Buch-Rezension von Daniela Loisl Jun 2014

Sizilien im ausgehenden 12. Jahrhundert. Heinrich VI., Sohn des großen Barbarossa, ist tot.  Und Konstanze, seine um viele Jahre ältere Ehefrau, ist am Ziel ihrer Wünsche. Ihr Sohn wird zum König gekrönt und sie, die schon befürchten musste, niemals Mutter zu werden, ist mit Stolz erfüllt, als ihr junger Sohn Friedrich endlich die Krone Siziliens, ihr Erbe, tragen wird. Doch so feierlich die Zeremonie vonstattengeht, so schwer und schmerzlich war der Weg Konstanzes, dies für ihren Sohn zu erkämpfen.

Erst im Alter von 30 Jahren verheiratet Konstanzes Neffe Wilhelm II., König von Sizilien,  sie mit dem Sohn Barbarossas, Heinrich. Dieser ist um viele Jahre jünger als sie, doch Barbarossa weiß um den Wert ihres Erbes die Krone Siziliens was den kleinen Makel des Alters zur Nebensache werden lässt. Die Ehe ist nicht glücklich, aber beide bemühen sich um ein freundschaftliches Verhältnis. Als Heinrich die Kaiserkrone erbt, scheint ihm die Macht zu Kopf zu steigen. Rücksichtslos und ohne Gefühle setzt er stets seinen Willen durch, egal ob auf privater oder politischer Ebene.

Gewohnt vielschichte Erzählweise

Sabine Weigands Bücher haben alle eines gemeinsam: eine spannende Erzählung durch unterschiedliche Perspektiven. Auch in ihrem neuen Roman gewährt die Autorin wieder verschiedenen Sichtweisen in die Vergangenheit und aufgrund des doch sehr häufigen Szenenwechsels kommen nie Längen auf. Im Gegenteil, gerade im ersten Drittel des Buches geht es in einem schier rasanten Tempo durch die Geschichte, sodass beim Leser die Jahre des Geschehens nur so vorbeifliegen.

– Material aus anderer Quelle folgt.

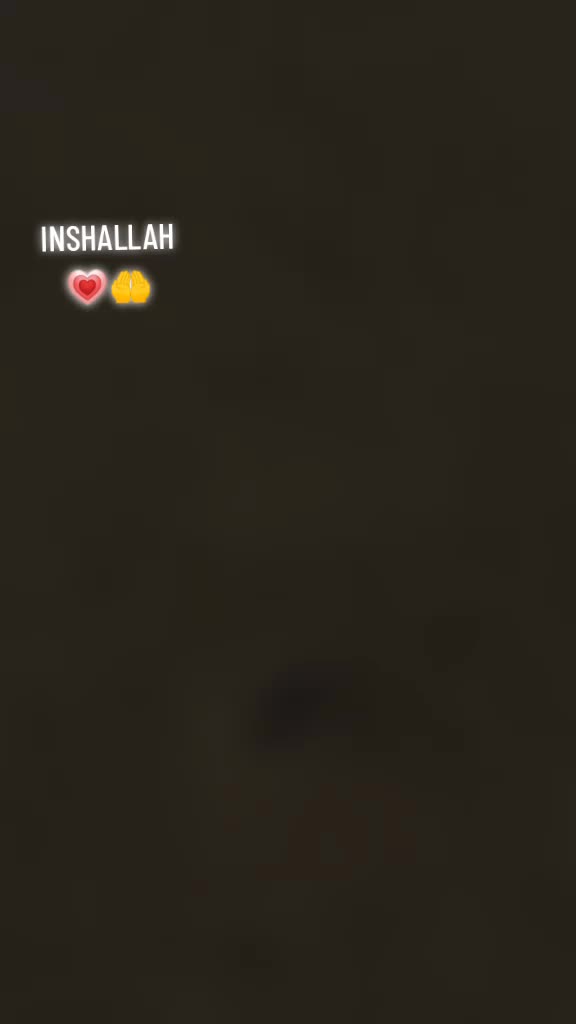 @𝘏𝘢𝘴𝘯𝘢𝘪𝘯 𝘘𝘶𝘳𝘦𝘴ح𝘪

Das schöne, leicht orientalisch angehauchte Sizilien bietet den Schauplatz der ersten Zeit in Konstanzes Leben. Die familiären Verhältnisse bekommt man im Eiltempo serviert und dennoch verliert man nie den Überblick, was das Geschick der Autorin verdeutlicht. Neben Konstanze spielen aber noch Gottfried und seine Schwester Hemma, Kinder eines deutschen Ritters, eine entscheidende Rolle. Durch Zufall wird Gottfried zum Schreiber Heinrichs ernannt und lebt so eng an seiner Seite. Seine ganze Sympathie und Loyalität jedoch gebührt Konstanze und die beiden beschließen, ein großartiges Buch über Sizilien zu erschaffen, das Buch der Königin.

Mehrere Geschichten

Ob historisch alles korrekt ist, sei dahingestellt, unterhaltsam, spannend und kurzweilig ist das Buch aber auf jeden Fall. Wer Weigands Bücher kennt, weiß, dass die Autorin so manche Fakten zu Gunsten der Erzählung abändert. Allerdings sind alle Ereignisse - auch die, um die heute Historiker streiten, ob es denn wirklich so war, wie Konstanzes Niederkunft in einem Zelt - sehr stringent und glaubwürdig dargestellt.

Die Autorin hat in dieses Buch immens viel hineingepackt. So verfolgt man nicht nur das Leben Konstanzes mit Heinrich, sondern begegnet noch so manch historischen Größen wie Richard Löwenherz und Barbarossa. Geschildert wird, wie es zur Gefangennahme von Richard Löwenherz kam und warum er so lange in Dürnstein auf seine Befreiung warten musste. Auch wie Barbarossa zu Tode kam, lässt Weigand den Leser miterleben. Sind dies noch ein kleinere Exkurse von der eigentlichen Geschichte, so gibt es aber noch zwei weitere Handlungsstränge, und zwar einen um Gottfried und seinen Werdegang als Schreiber und Buchmaler und seine von ihm fern lebende Schwester Hemma und ihre Liebe zu Christian, der an eine andere gebunden ist. Dann ist da noch Aziz, der Milchbruder Konstanzes, der ihr auch nach vielen Jahren treu ergeben ist.

Den verschiedenen Herrscherhäusern aus anderen Ländern und Provinzen wird ebenso Raum gewährt wie der Darstellung von Konstanzes Gefühlsleben und Ehe mit Heinrich. Heinrich kommt in diesem Buch alles andere als gut weg, wird er doch als ziemlich rücksichts- und gefühllos geschildert.

Prall gefüllt ist dieses Buch, denn nicht nur sämtliche historisch relevanten Ereignisse hat Sabine Weigand fein säuberlich mit aufgenommen, sondern auch noch mit viel Detailwissen Einblick in die Buchmalerei der damaligen Zeit gewährt.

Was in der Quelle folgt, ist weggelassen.